From the data that follows, copy every line with the string "Brown".

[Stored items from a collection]
****************
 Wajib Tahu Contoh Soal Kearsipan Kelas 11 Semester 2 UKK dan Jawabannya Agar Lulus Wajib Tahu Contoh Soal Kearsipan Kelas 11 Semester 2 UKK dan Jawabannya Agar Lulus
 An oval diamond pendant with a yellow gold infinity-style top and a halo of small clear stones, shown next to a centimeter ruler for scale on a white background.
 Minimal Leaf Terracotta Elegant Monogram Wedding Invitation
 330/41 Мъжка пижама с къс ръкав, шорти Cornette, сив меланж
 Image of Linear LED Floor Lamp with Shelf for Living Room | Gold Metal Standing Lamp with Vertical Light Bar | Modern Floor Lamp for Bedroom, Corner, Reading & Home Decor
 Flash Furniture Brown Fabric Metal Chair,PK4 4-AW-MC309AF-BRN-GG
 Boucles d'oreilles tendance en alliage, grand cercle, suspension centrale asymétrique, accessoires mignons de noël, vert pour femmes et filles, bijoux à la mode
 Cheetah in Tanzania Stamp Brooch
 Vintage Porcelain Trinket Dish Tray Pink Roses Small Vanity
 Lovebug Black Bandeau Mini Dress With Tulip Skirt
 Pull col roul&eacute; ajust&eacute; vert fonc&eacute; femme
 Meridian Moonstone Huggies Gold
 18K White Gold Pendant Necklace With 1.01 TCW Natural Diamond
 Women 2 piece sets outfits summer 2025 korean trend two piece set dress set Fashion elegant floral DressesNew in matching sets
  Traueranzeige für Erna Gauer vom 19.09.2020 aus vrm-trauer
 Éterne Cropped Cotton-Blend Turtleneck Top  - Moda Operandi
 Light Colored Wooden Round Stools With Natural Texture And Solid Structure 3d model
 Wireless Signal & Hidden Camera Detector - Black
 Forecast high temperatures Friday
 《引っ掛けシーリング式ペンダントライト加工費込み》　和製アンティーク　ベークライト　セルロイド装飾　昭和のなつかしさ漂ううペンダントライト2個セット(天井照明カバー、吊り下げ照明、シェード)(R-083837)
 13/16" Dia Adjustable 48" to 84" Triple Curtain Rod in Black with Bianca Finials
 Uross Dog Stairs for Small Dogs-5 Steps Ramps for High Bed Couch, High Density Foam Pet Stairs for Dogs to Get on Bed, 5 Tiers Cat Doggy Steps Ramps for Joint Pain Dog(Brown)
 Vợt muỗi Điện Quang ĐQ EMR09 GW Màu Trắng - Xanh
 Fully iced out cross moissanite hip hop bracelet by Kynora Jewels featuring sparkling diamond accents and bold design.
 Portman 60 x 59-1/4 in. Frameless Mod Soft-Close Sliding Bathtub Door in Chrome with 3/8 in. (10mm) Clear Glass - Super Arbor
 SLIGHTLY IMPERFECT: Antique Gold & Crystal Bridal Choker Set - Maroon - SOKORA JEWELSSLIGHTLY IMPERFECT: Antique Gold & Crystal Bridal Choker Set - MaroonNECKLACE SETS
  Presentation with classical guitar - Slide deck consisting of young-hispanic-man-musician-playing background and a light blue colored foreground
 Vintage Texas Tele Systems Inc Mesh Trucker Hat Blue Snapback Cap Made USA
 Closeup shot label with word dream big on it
****************
◆ TASK ANSWER
 Flash Furniture Brown Fabric Metal Chair,PK4 4-AW-MC309AF-BRN-GG
 Uross Dog Stairs for Small Dogs-5 Steps Ramps for High Bed Couch, High Density Foam Pet Stairs for Dogs to Get on Bed, 5 Tiers Cat Doggy Steps Ramps for Joint Pain Dog(Brown)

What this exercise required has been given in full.